The results of the meta-analyses of the association of herpes zoster, type unspecified, and cerebrovascular events stratified by the length of follow-up are shown in Fig 2. Meta-analyses found that patients with herpes zoster were at significantly increased odds of a cerebrovascular event within 3 months of onset using the random effects and fixed effects models (pooled Ors for fixed and random effects models 1.34, 95% CI: 1.22 to 1.46). There was no evidence for statistical heterogeneity (I2 = 0.0%) for the pooled results for cerebrovascular events. Similarly, the odds of a cerebrovascular event were significantly increased up to 1 year after herpes zoster onset (pooled Ors for fixed and random-effects models 1.22, 95% CI: 1.15 to 1.29), but with severe statistical heterogeneity (I2 = 99.7%). The odds of experiencing a cerebrovascular event over periods of time greater than 1 year after herpes zoster onset was significant in the fixed effects model (pooled OR 1.40, 95% CI: 1.38 to 1.43), but not the random effects model (pooled OR 1.20, 95% CI: 0.82 to 1.75), with severe statistical heterogeneity (I2 = 99.7%).
Meta-analysis of herpes zoster and cardiac events
Overall, three studies found significantly positive associations between exposure to herpes zoster, type unspecified, with myocardial infarction within one week , three months , or twenty-four years after zoster onset , with acute coronary syndromes within 12 years after zoster onset , and with incident coronary artery disease within two and 10 years after zoster onset (Table 2) .

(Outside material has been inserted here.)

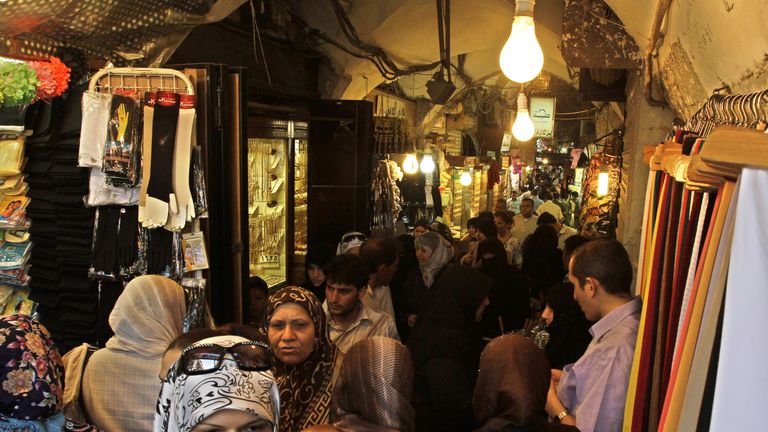 People shop at the main market, or souk, in the Syrian city of Aleppo June 23, 2010. 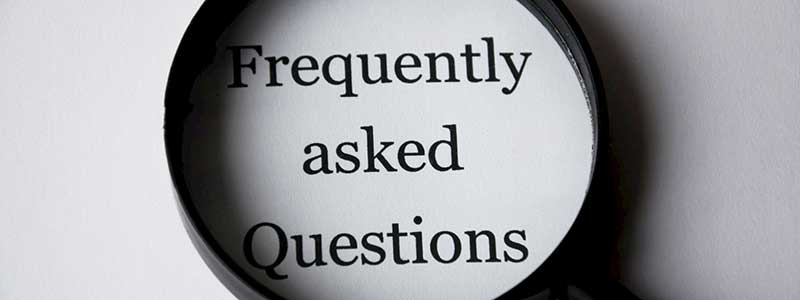 magnifying glass over typed words frequently asked questions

Meta-analyses of the association of herpes zoster, type unspecified, and various cardiac events stratified by length of follow-up is shown in Fig 3. Patients with herpes zoster were at significantly increased odds of a cardiac event at 3 months after onset using the fixed effects model (pooled OR 1.31, 95% CI: 1.02 to 1.70), but not the random effects model (pooled OR 1.34. 95% CI 0.98 to 1.82). We found a low level of statistical heterogeneity (I2 = 23.9%) for the pooled results for myocardial infarction. The odds of a cardiac event up to 1 year after onset were significantly higher using the fixed and random effects model (both pooled Ors 1.19, 95% CI: 1.01 to 1.41). We found no evidence of statistical heterogeneity (I2 = 0.0%). Likewise, the odds of a cardiac event over periods of greater than 1 year after zoster onset were significantly higher using both the fixed and random effects models (both pooled Ors 1.12, 95% CI: 1.08 to 1.16). We found no evidence of statistical heterogeneity (I2 = 0.0%).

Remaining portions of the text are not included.